▸ **What is needed**
Each entry should be returned exactly as written, with no pictures carried over.
[[ Data extract, beginning ]]
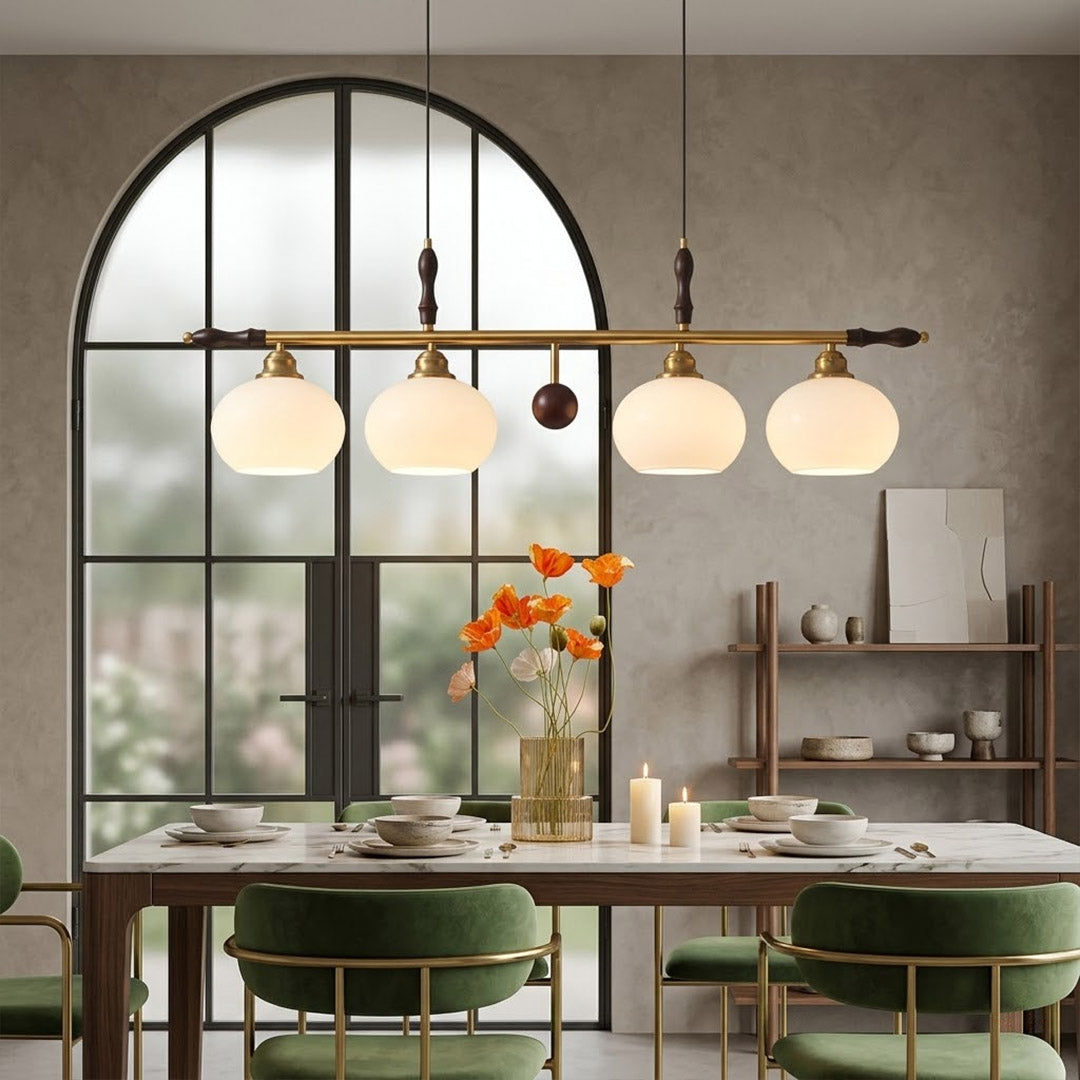 Linora gold linear pendant light above kitchen island warm ribbed glass globe glow organic modern interior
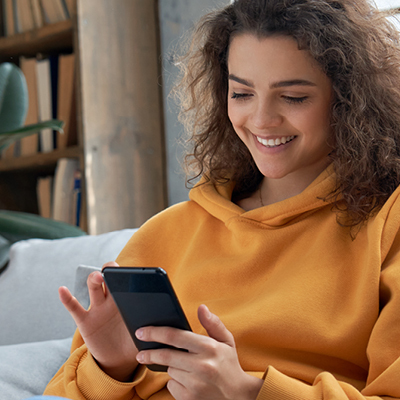 woman wearing yellow hoodie looking at her phone smiling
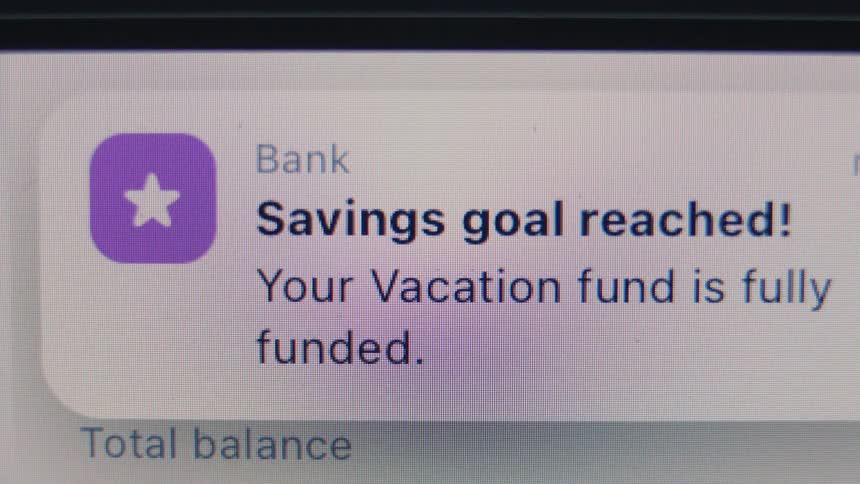 A mobile banking app notification on a digital screen shows that a vacation savings goal has been reached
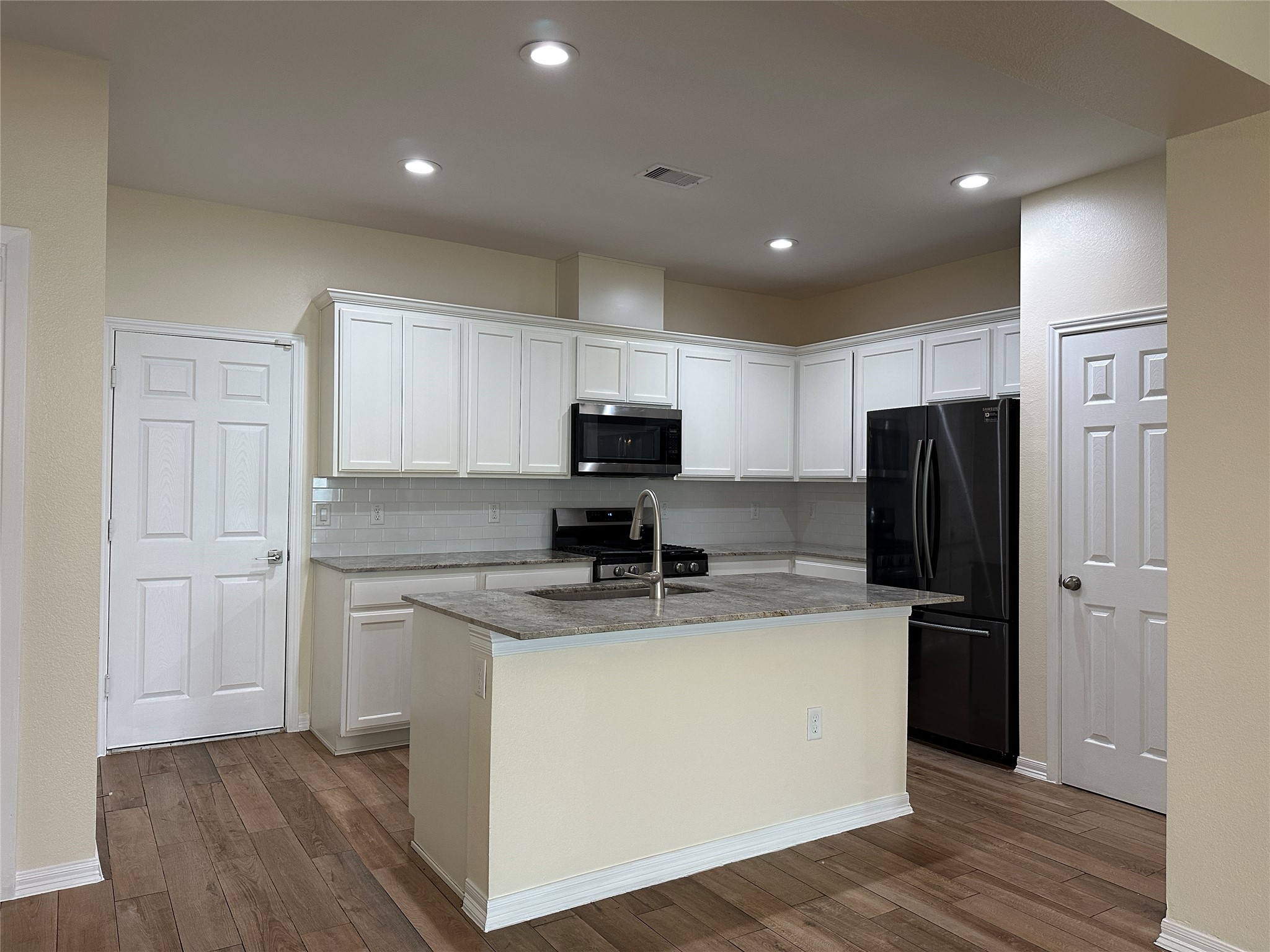 2015 Harlem Street Houston, TX 77020 - Photo 8 of 18 a kitchen with stainless steel appliances granite countertop a refrigerator and a stove top oven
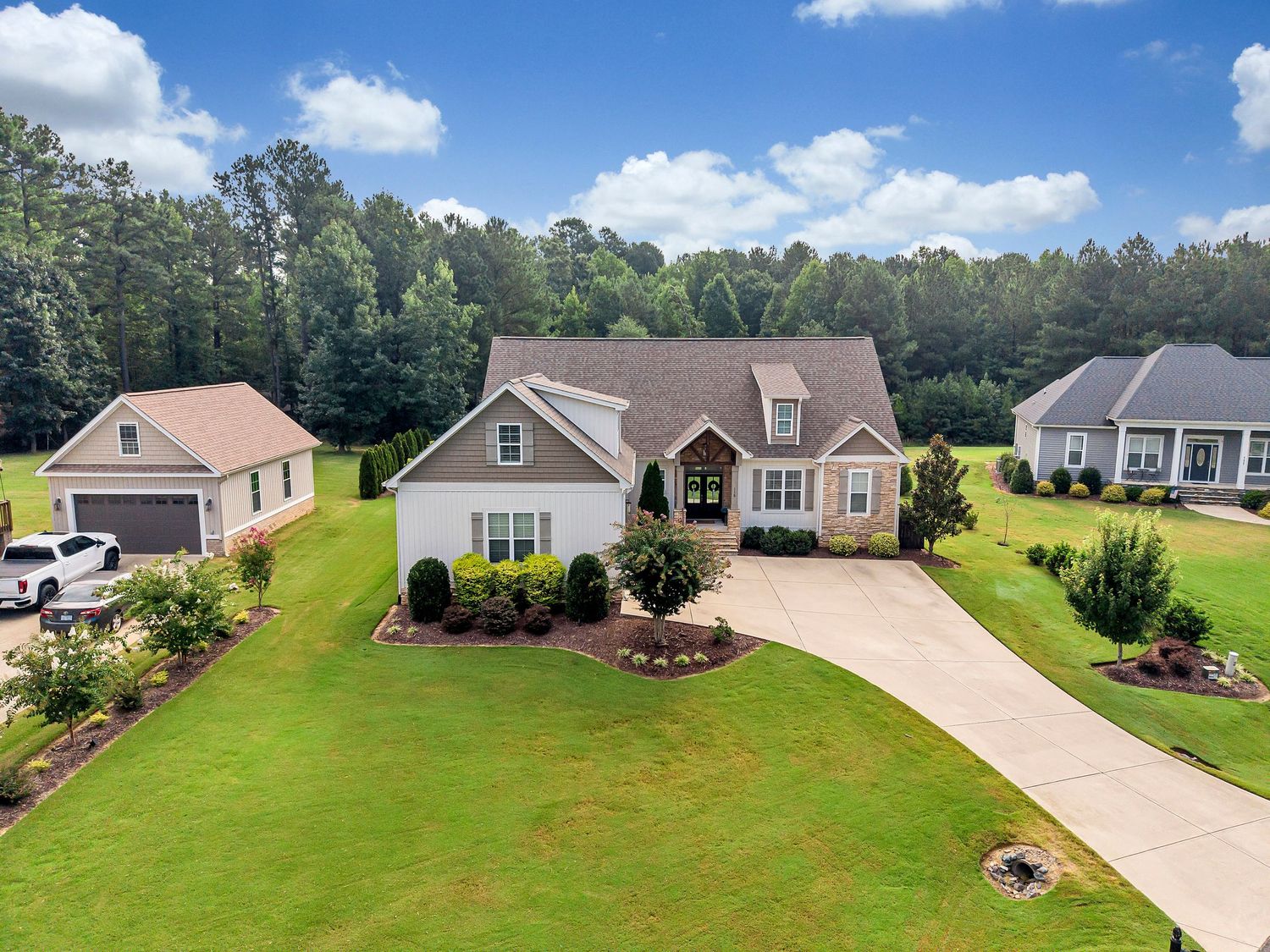 Aerial view of a large craftsman-style home with lush green lawn, landscaped beds, and wooded backdrop on a sunny day.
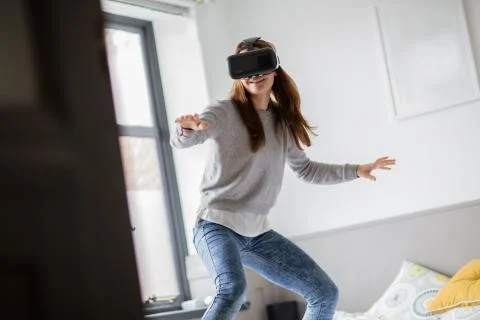 Young adult female learning to surf with VR headset Stock Photos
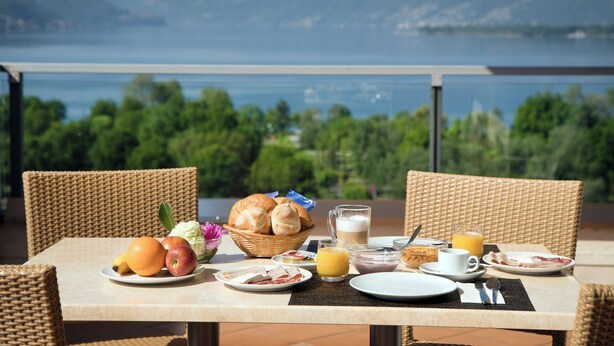Ein Esstisch mit Speisen, einem Brotkorb, einer Saftkanne und einer Kaffeetasse, platziert auf einem Balkon mit Blick auf einen See und Berge.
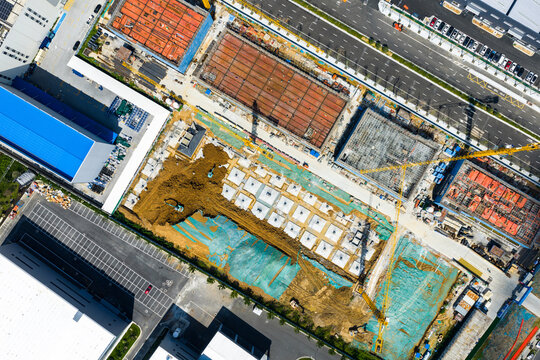 urban construction site with foundation work and cranes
[[ Data extract, end ]]
▸ **The completed task**
 Linora gold linear pendant light above kitchen island warm ribbed glass globe glow organic modern interior
 woman wearing yellow hoodie looking at her phone smiling
 A mobile banking app notification on a digital screen shows that a vacation savings goal has been reached
 2015 Harlem Street Houston, TX 77020 - Photo 8 of 18 a kitchen with stainless steel appliances granite countertop a refrigerator and a stove top oven
 Aerial view of a large craftsman-style home with lush green lawn, landscaped beds, and wooded backdrop on a sunny day.
 Young adult female learning to surf with VR headset Stock Photos
Ein Esstisch mit Speisen, einem Brotkorb, einer Saftkanne und einer Kaffeetasse, platziert auf einem Balkon mit Blick auf einen See und Berge.
 urban construction site with foundation work and cranes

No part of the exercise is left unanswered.